Foley's parents held a press conference Wednesday, saying they had spoken briefly with Obama before he spoke. The couple thanked supporters for their prayers and lauded their son's resolve.

"So many people were praying for him, and I really think that gave him unusual courage," said Diane Foley. "Jim had big heart -- that's what we shared with President Obama. We pray that Jim's death can bring our country together in a strong way with the values Jim held dear. Jim would never want us to hate or be bitter.

"We are just very proud of Jimmy."

In London, the United Kingdom's Foreign Secretary Philip Hammond said the beheading may have been undertaken by a British national.In an interview with the BBC, Hammond acknowledged that the militant shown in the video with Foley — who was seized in Syria in 2012 while covering the civil war there — spoke with a British accent. It's possible that the perpetrator of the shocking killing could be British, he said.

"We're absolutely aware that there are significant numbers of British nationals involved in terrible crimes, probably in the commission of atrocities, making jihad with IS and other extremists organizations," Hammond told the BBC.

"This is something we have been tracking and dealing with for many, many months and I don't think this video changes anything," he said. "It just heightens awareness of a situation which is very grave."

"IS is clearly sending a message to the U.S. government with this act, but it's also sending a message to the American people," said Raffaello Pantucci, a researcher at Royal United Services Institute in London, a security think tank. "The American public will look at this and think: 'What is Obama doing (in Iraq)?'"

Pantucci said that British government estimates suggest there may be as many as 500-880 British nationals involved in jihad activities for IS. "But we don't really know what that means. We don't know if that is nationals that have gone out there, stayed out there, died there, or have lived there all along," he said.

British Prime Minister David Cameron's office said in a statement he was cutting short his vacation and returning to the capital to discuss the situation in Iraq and Syria and the threats posed by IS.

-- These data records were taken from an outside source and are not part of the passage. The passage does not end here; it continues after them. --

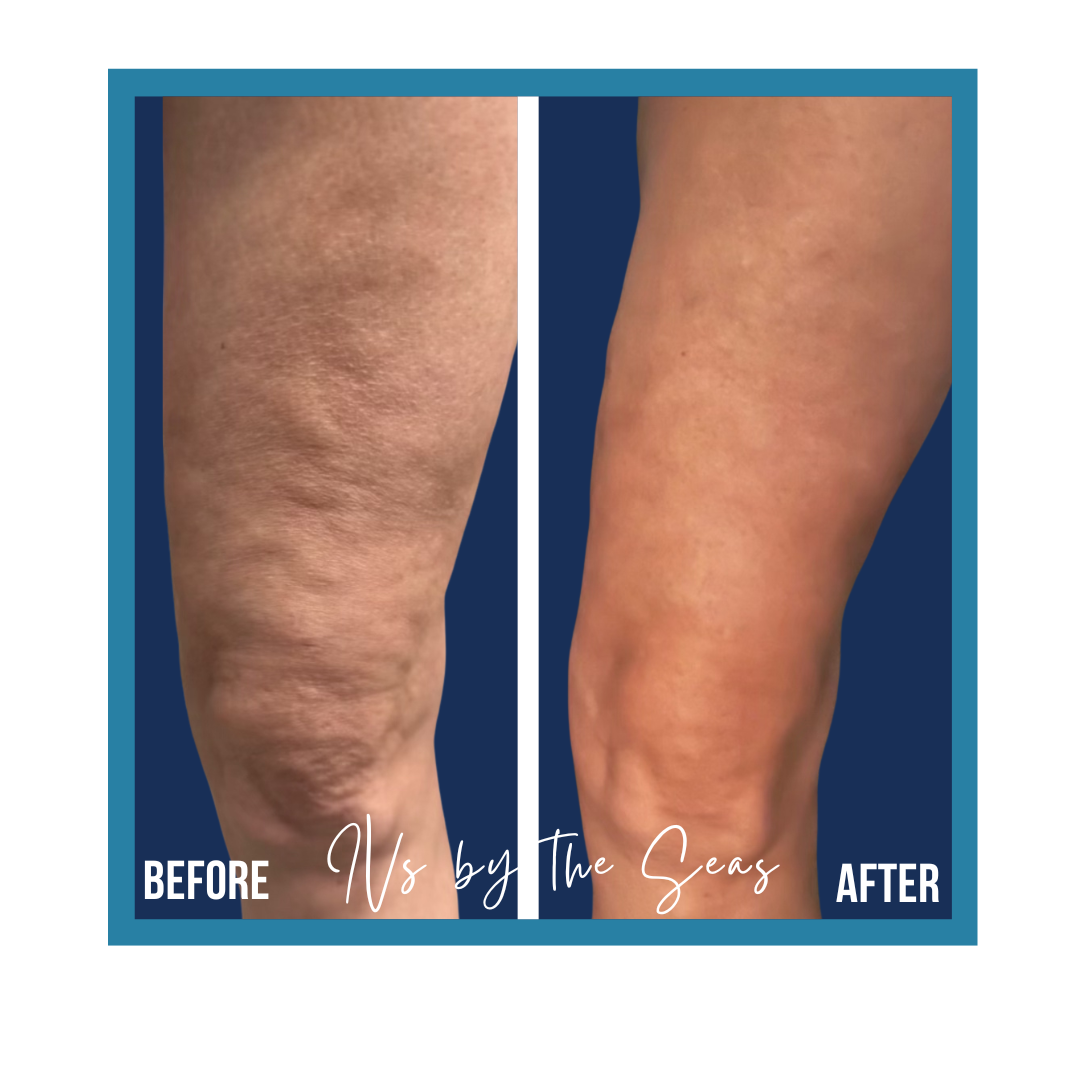 Cellulite Smoothing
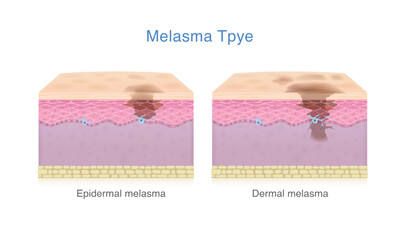 Skin layer with Epidermal melasma and Dermal melasma. Medical diagram about the different types of anatomy of skin pigment with dark spots problem and skin uneven.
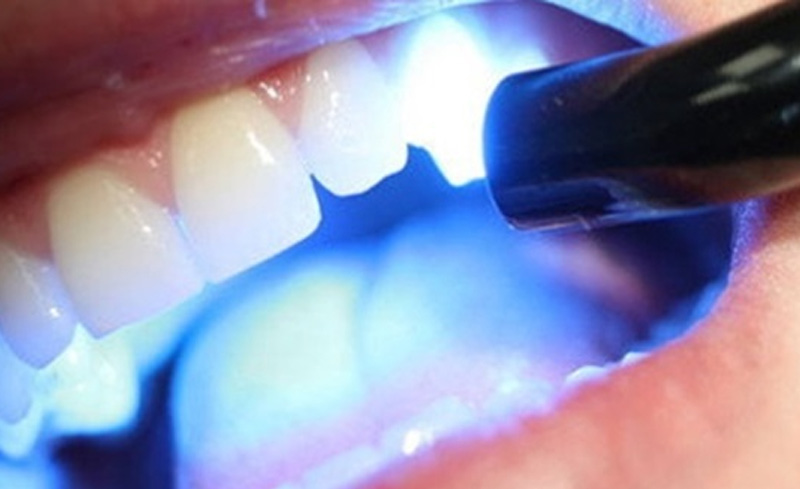 Trám răng bằng công nghệ laser tech có độ an toàn cao.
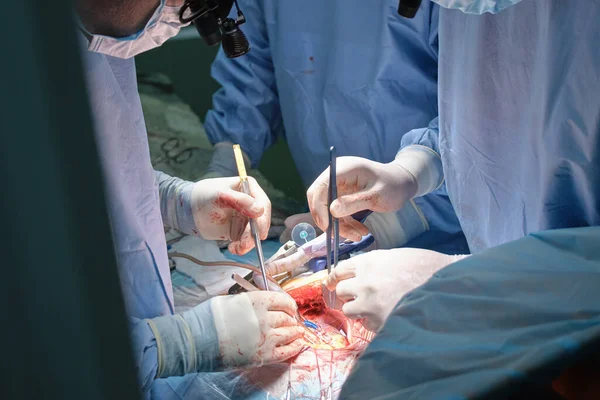 Closeup of professional doctor hands operating a patient during open heart surgery in surgical room. Healthcare and medical intervention concept — Stock Photo, Image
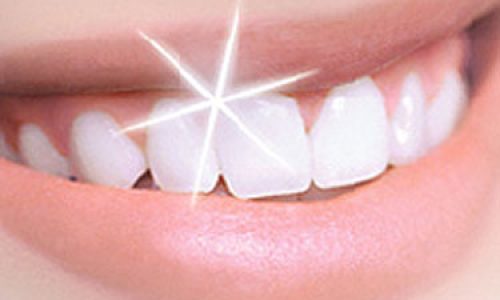 dientes_mas-blancos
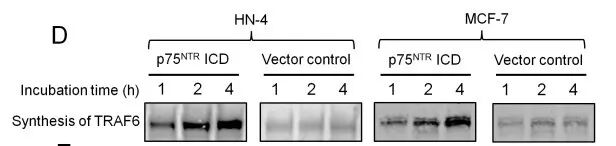 RayBiotech抗体芯片在肿瘤转移及耐药机制研究的应用(图15)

"The U.K. has never really been able to tackle the problem of radicalization," Pantucci said. "There's been a trend of individuals who have been drawn to these (Mideast) conflicts from here. The thing about Syria and Iraq is that it is such an accessible narrative. These people can go look online and just decide to participate. With it's proximity to Europe it's just so easy to do."

Christopher Davidson, a Mideast expert at Durham University, said there's been a lack of attention to the flow of Westerners to the region. "As long as they have been supposedly fighting the (Syrian President Bashar) Assad regime, authorities have turned a blind eye to it. Now that they are going to Iraq, we are starting to experience the blow back," he said.

In 2002, Wall Street Journal reporter Daniel Pearl was abducted in Pakistan by British national Ahmed Omar Saeed Sheikh. Pearl was later killed in Pakistan, although the specific circumstances of his death remain unclear.

"Our hearts go out to the family of journalist James Foley. We know the horror they are going through." Pearl's mother, Ruth, said in a tweet from the Daniel Pearl Foundation.